A Place Where We Once Lived (Self-Produced, 2021), the gorgeously reflective outcome of that trio session with bassist Thomas Morgan and drummer Rudy Royston, plays as a musical memento carried away from a long, transformative stretch in New York. "When I look at the person who I was when I moved there versus the person I was when I packed the van up and drove back to Toronto, it's like night and day," McCarthy shares. "New York will always have a special place in my heart. So I wanted to try to create a record that would express some of that love, the sadness in leaving, but also some of the hope I feel for the future."

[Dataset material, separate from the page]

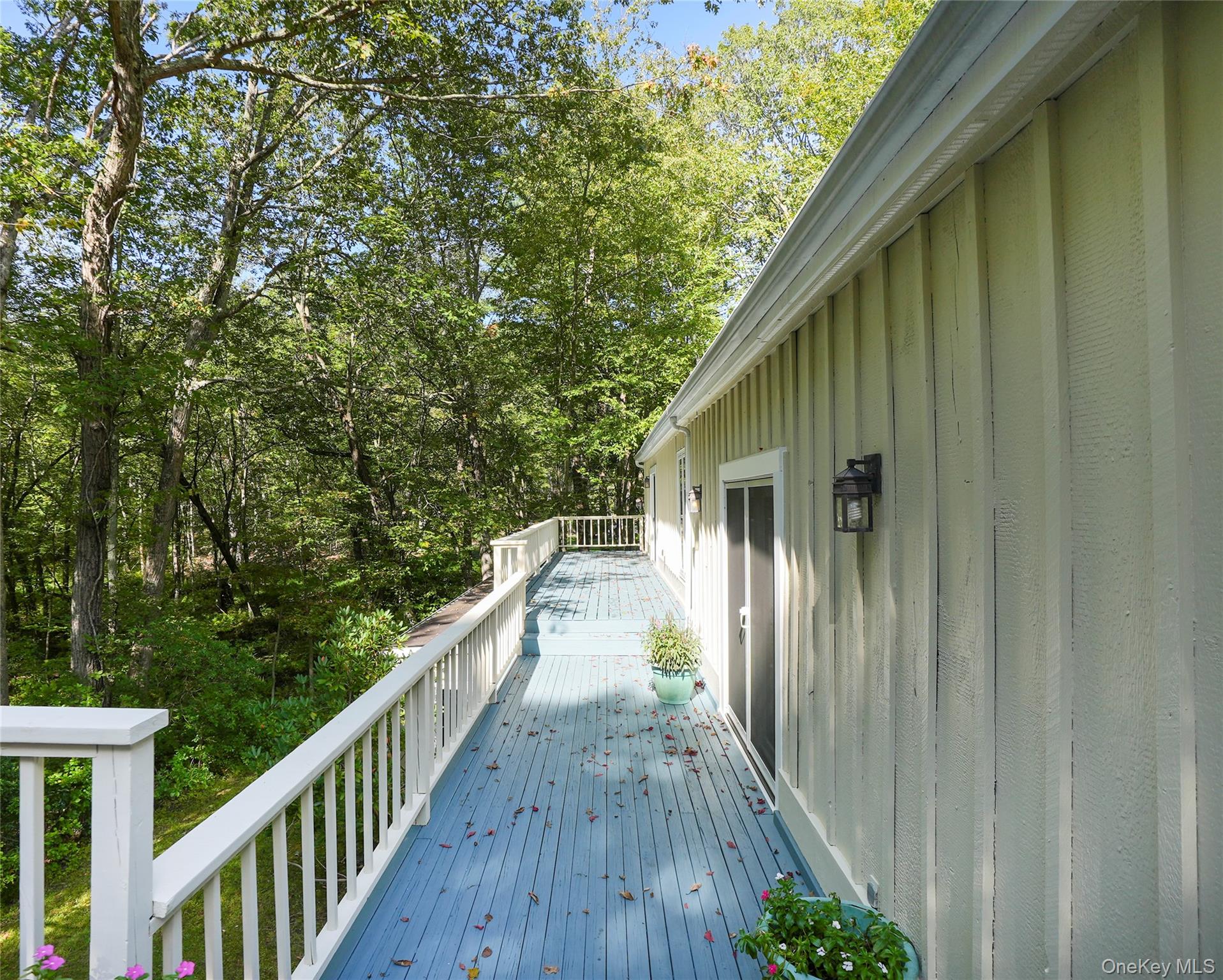 Photo 39 of this property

The music—all original(s), save for Steve Swallow's "I'm Your Pal"—speaks to McCarthy's gifts for creating weightless melodies, varicolored harmonies and direct lines of expression. His compositions—tuneful, welcoming, rhythmically engaging—belie their sophistication as they hover and seduce. "Sonder," set in motion and anchored by Morgan, glimmers and glows; "Trail Marker," playing a lightness of being against cool-hand grooves, emphasizes open-eared collaboration; "Cloud Hopping," the closest thing to a straight swinger on the menu, leans on melodic hooks; and the title track, framed in a flowing three, deals in obvious nostalgia. Other full-length highlights include the Gary Burton-indebted "Desert Roads," odd-metered wild child "Go Berserk," and soothing "Goodnight Sweet Cat." But a number of vignettes— or "Short Stories," as they're labeled—also serve as standouts. Acting as ear-catching asides, these miniatures help to separate the lengthier offerings. "They're just these little things that grab your attention and then vanish," McCarthy notes. "They help to pull the listener in."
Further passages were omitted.